The voices of Tax Policy Center's researchers and staff
When the Senate passed a long-awaited energy bill yesterday, I flashed back to a fascinating off-the-record chat I had back in 2004 with a top executive of a major oil company. He was in Washington to help make sure that the energy bidness got its piece of an especially hideous tax break called the Sec. 199 production deduction.
I asked him if passage of this subsidy would encourage his company to build a single refinery or drill a single well. He laughed at my stupidly naïve question. "Of course not," he replied, "But we're happy to take their money."
By "their money," of course, he meant our money and that of our grandchildren. Nonetheless, he and others apparently did their job well, since by the time the bill became law, energy and nearly everyone else got the tax subsidy, which started as a 3% deduction, grew to a 6% this year, and was scheduled to balloon to 9% in 2010.

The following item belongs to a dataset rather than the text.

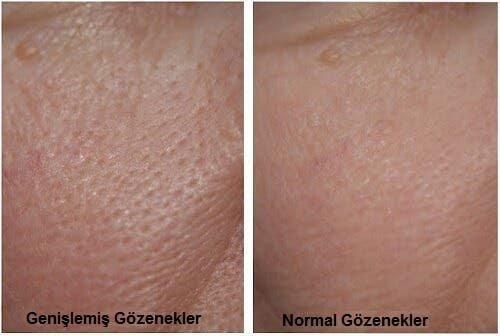 Evde Yapabileceğiniz Mükemmel Maskeler ❤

I couldn't help but think of my oil company friend yesterday. Earlier this year, the House tried to repeal the deduction, but in the face of stiff opposition from the White House and the Senate, it has now given up. So, the energy bill passed the Senate 86 to 8 on Dec. 14, the House will go along, and it will be signed by President Bush. The production deduction boondoggle will live for another day.
Just as troubling, the bill is loaded with all kinds of new subsidies and mandates, all geared towards driving energy consumption this way and that. For instance, it requires the use of 36 billion gallons a year of corn-based ethanol—a product which backers like to think significantly reduces greenhouse gasses, but which probably does not. And, by the way, all that land being used to produce subsidized corn for ethanol won't be available to grow other things, such as food.

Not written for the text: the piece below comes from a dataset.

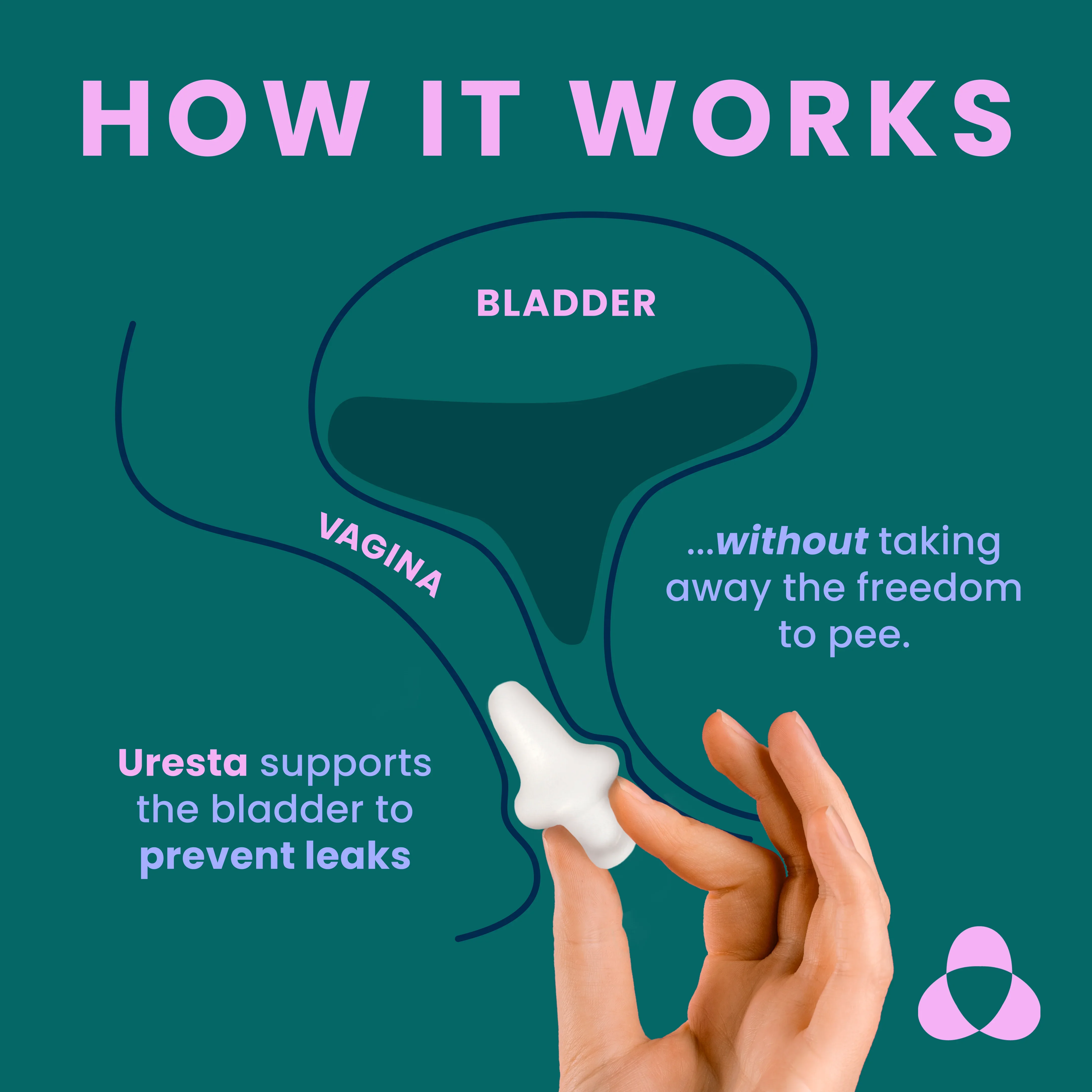 Bladder Support Starter Kit - Image 3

All of this continues Washington's never-ending, wrong-headed effort to use government subsidies and controls to save energy. I can't help but think how much easier and more efficient it would all be if we dumped all of these incentives and just let the price of energy continue to rise. That, more than anything, will help us achieve self-sufficiency and reduce carbon emissions.
By the way, my 2004 visitor was quite right. Since the oil company tax subsidy was passed in 2004, not a single refinery has been built in the U.S. and domestic oil production has actually fallen from 5.4 million barrels per day to 5.1 million.